YOUR INSTRUCTIONS>
Print the data exactly. Omit the pictures.

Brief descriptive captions
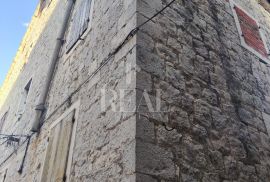 Stara kamena kuća u Kaštel Novom!!, Kaštela, Дом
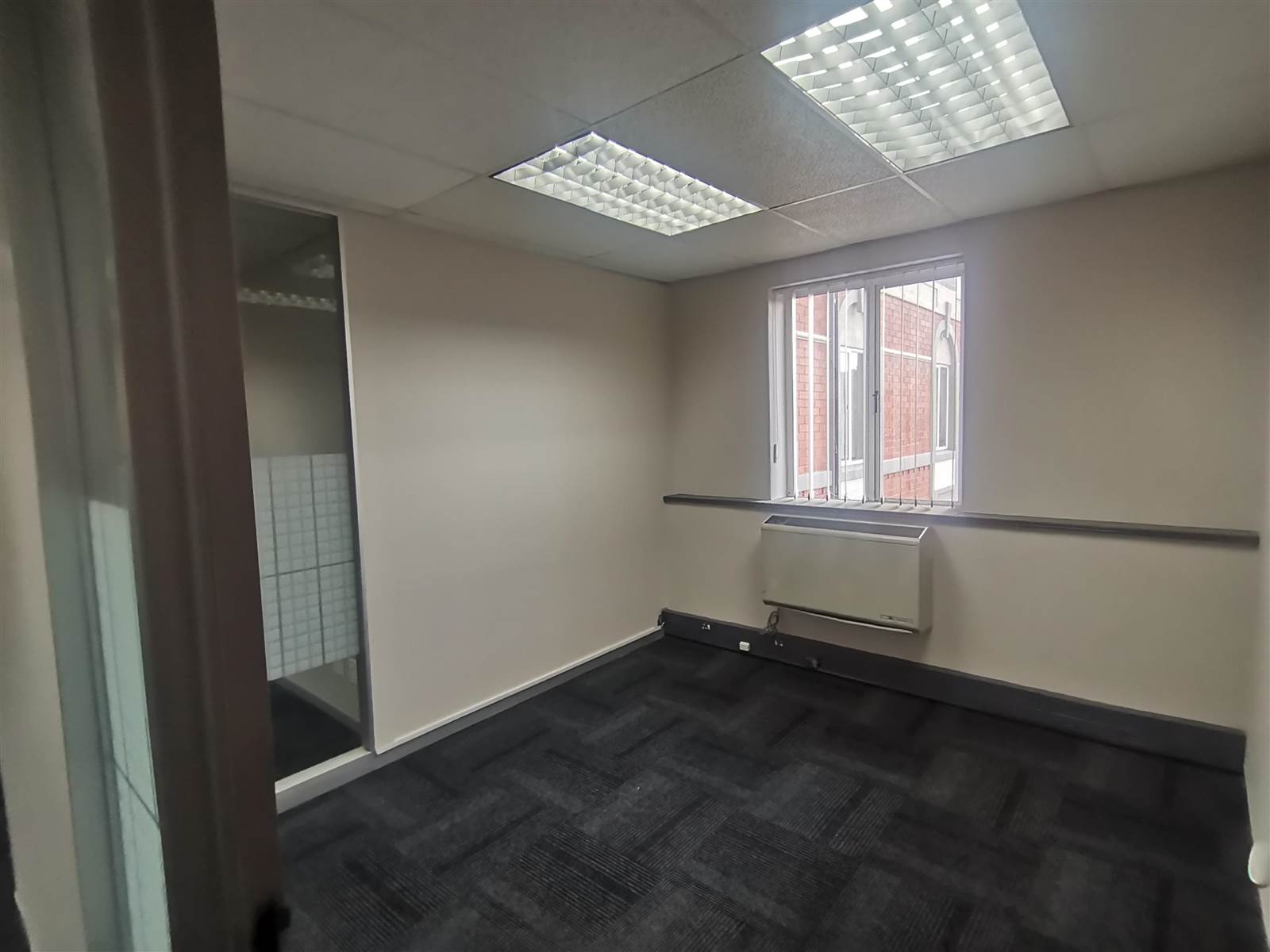 252  m² Commercial space in Houghton Estate photo number 15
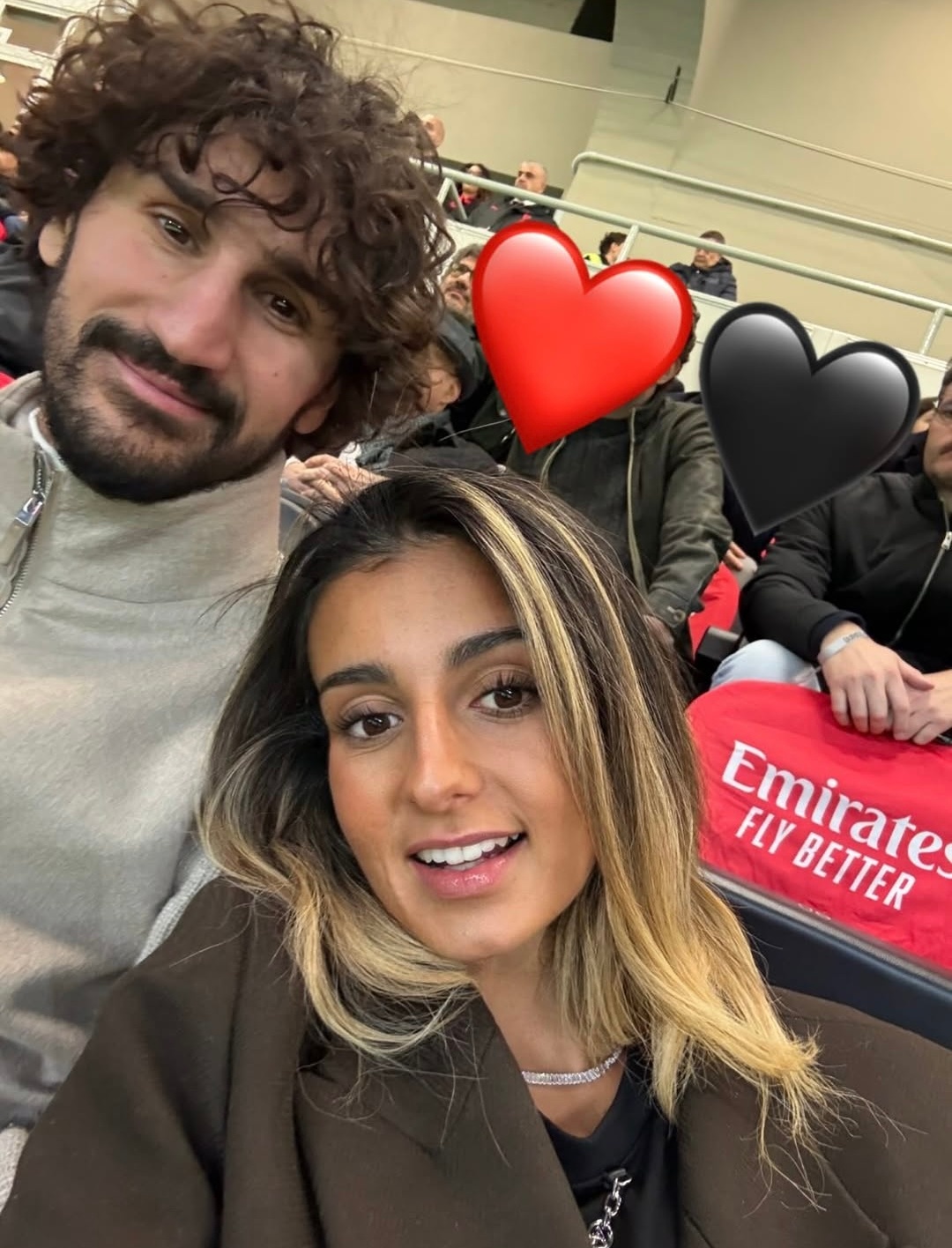 【永远的米兰球迷】 🔴⚫️ 亚辛·阿德利🇫🇷两口子现身圣西罗球场现场观战。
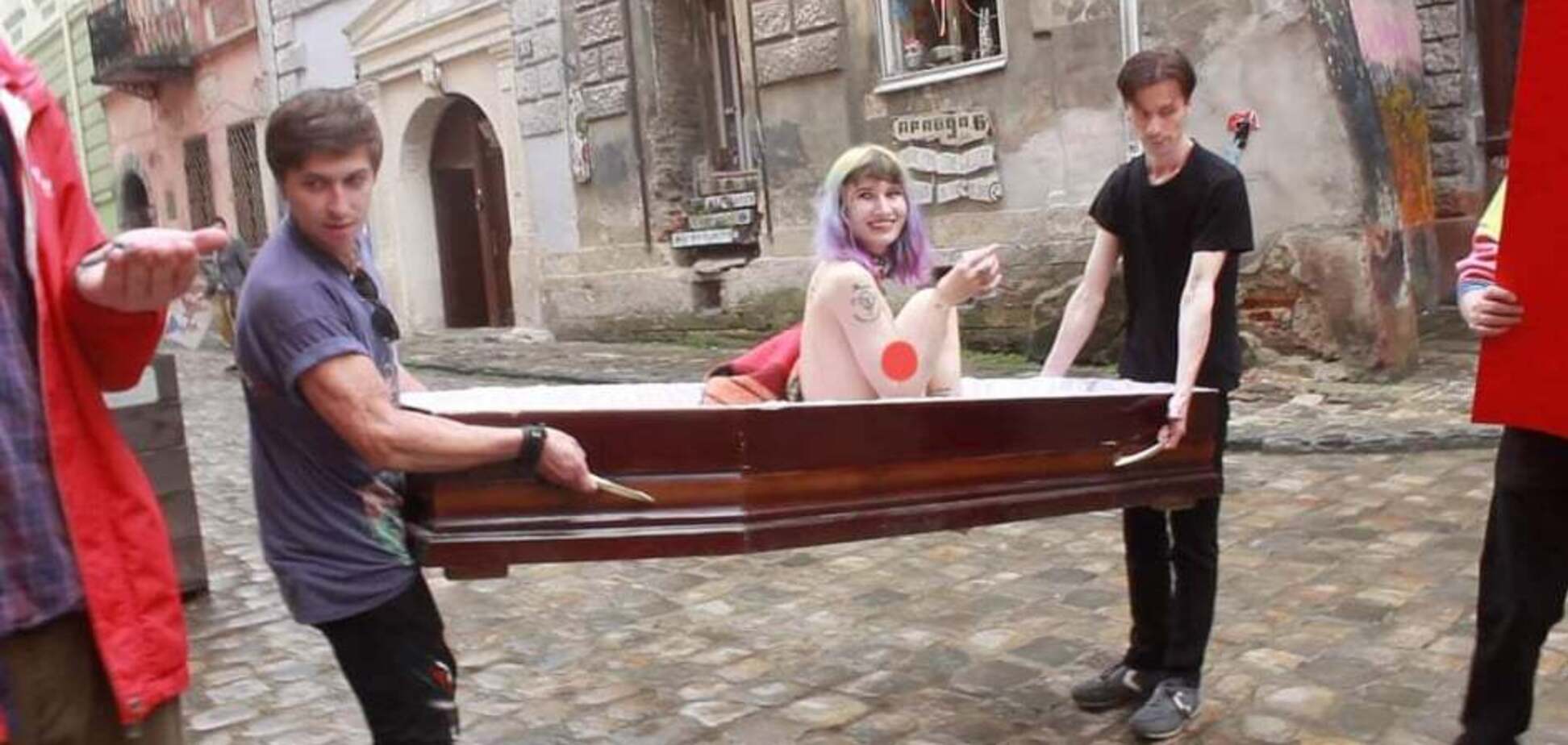 По центру Львова носили обнаженную девушку в гробу: что это было. Фото и видео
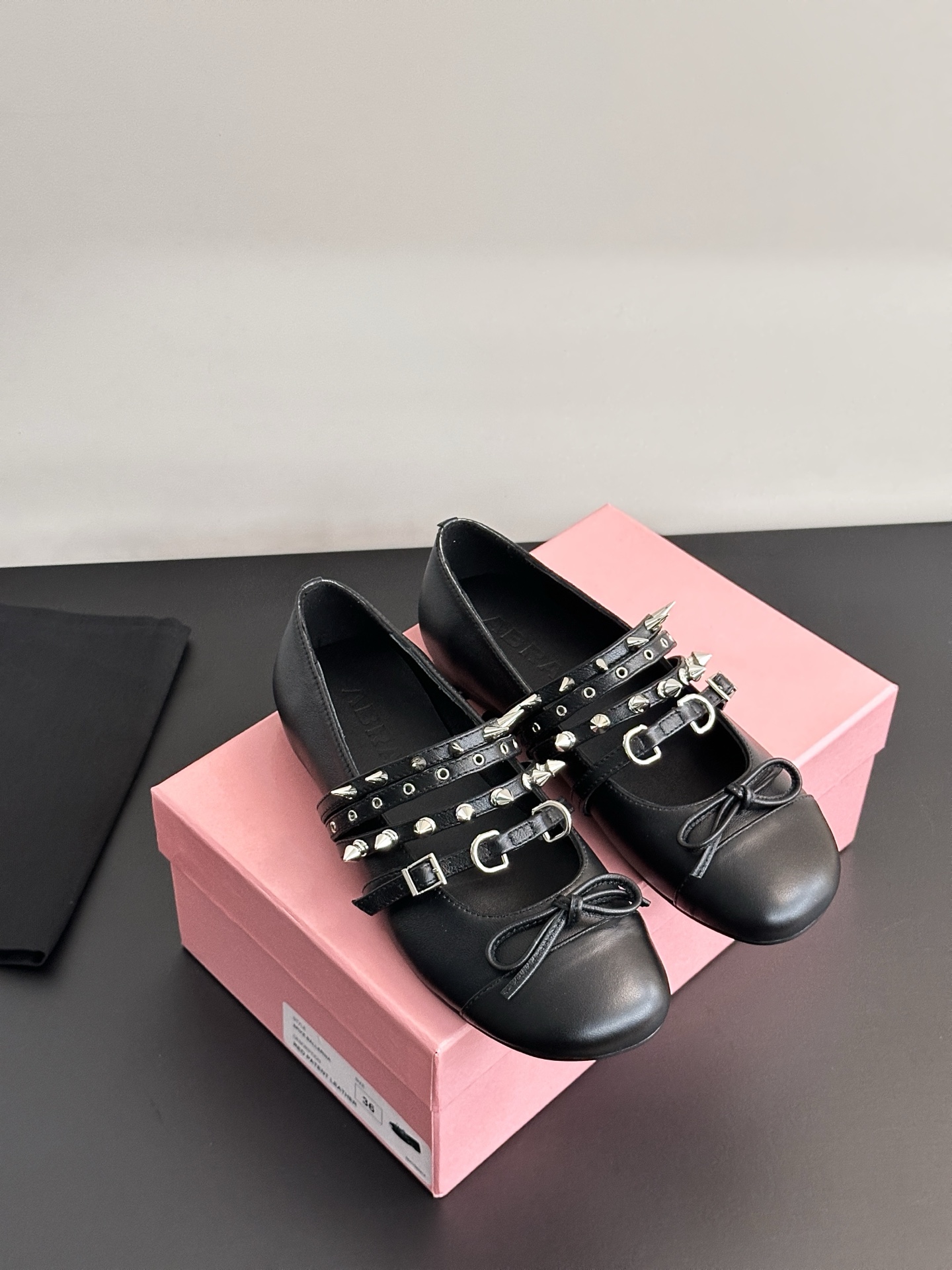 Stylish Ballerina Spring Outfit from Abra, Spain: Sweet and Punk Textures. - 图片 4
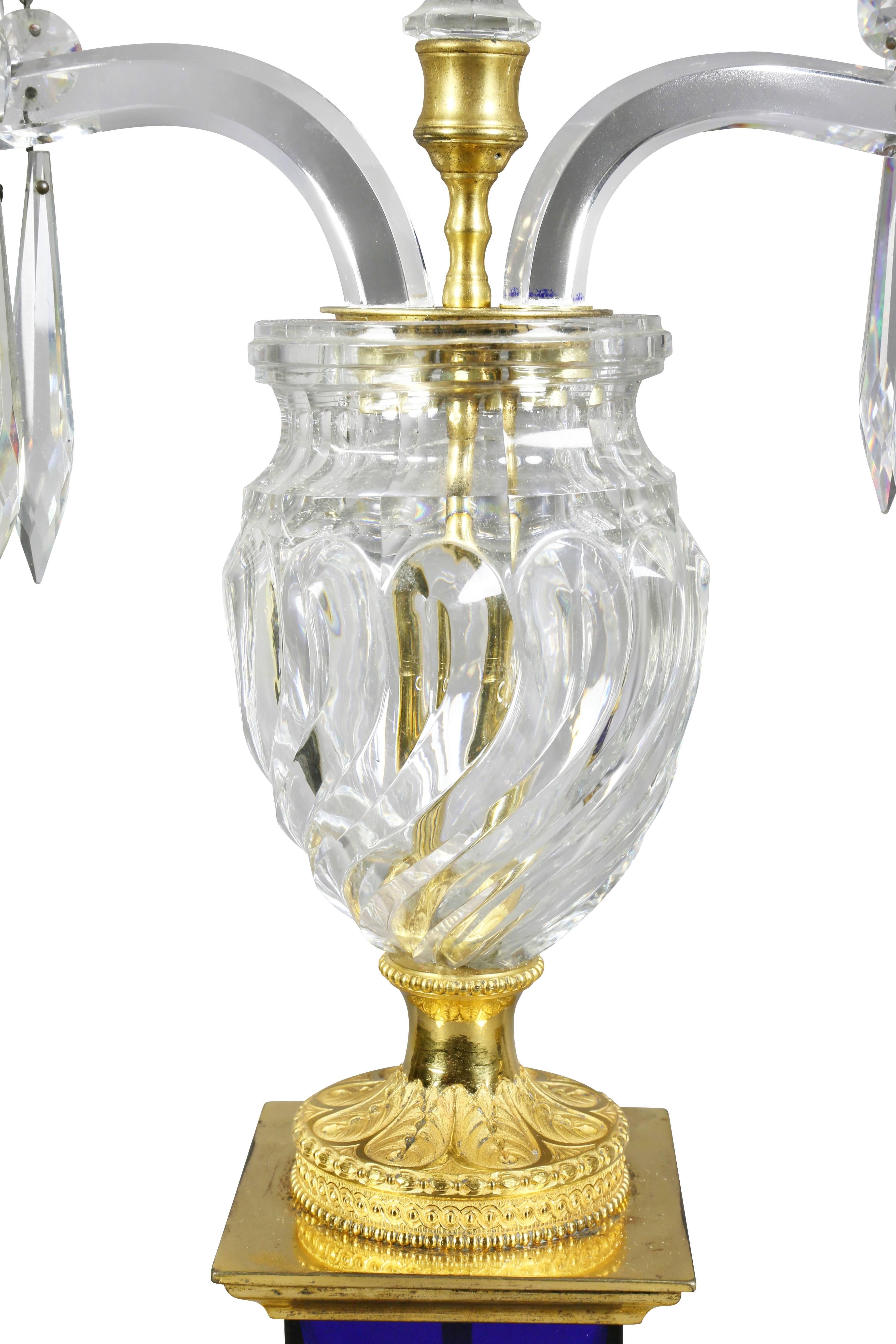 XIXe siècle Paire de candélabres Regency en verre taillé et bronze doré, attribuée à Parker & Perry en vente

SOLUTION>
 Stara kamena kuća u Kaštel Novom!!, Kaštela, Дом
 252  m² Commercial space in Houghton Estate photo number 15
 【永远的米兰球迷】 🔴⚫️ 亚辛·阿德利🇫🇷两口子现身圣西罗球场现场观战。
 По центру Львова носили обнаженную девушку в гробу: что это было. Фото и видео
 Stylish Ballerina Spring Outfit from Abra, Spain: Sweet and Punk Textures. - 图片 4
 XIXe siècle Paire de candélabres Regency en verre taillé et bronze doré, attribuée à Parker & Perry en vente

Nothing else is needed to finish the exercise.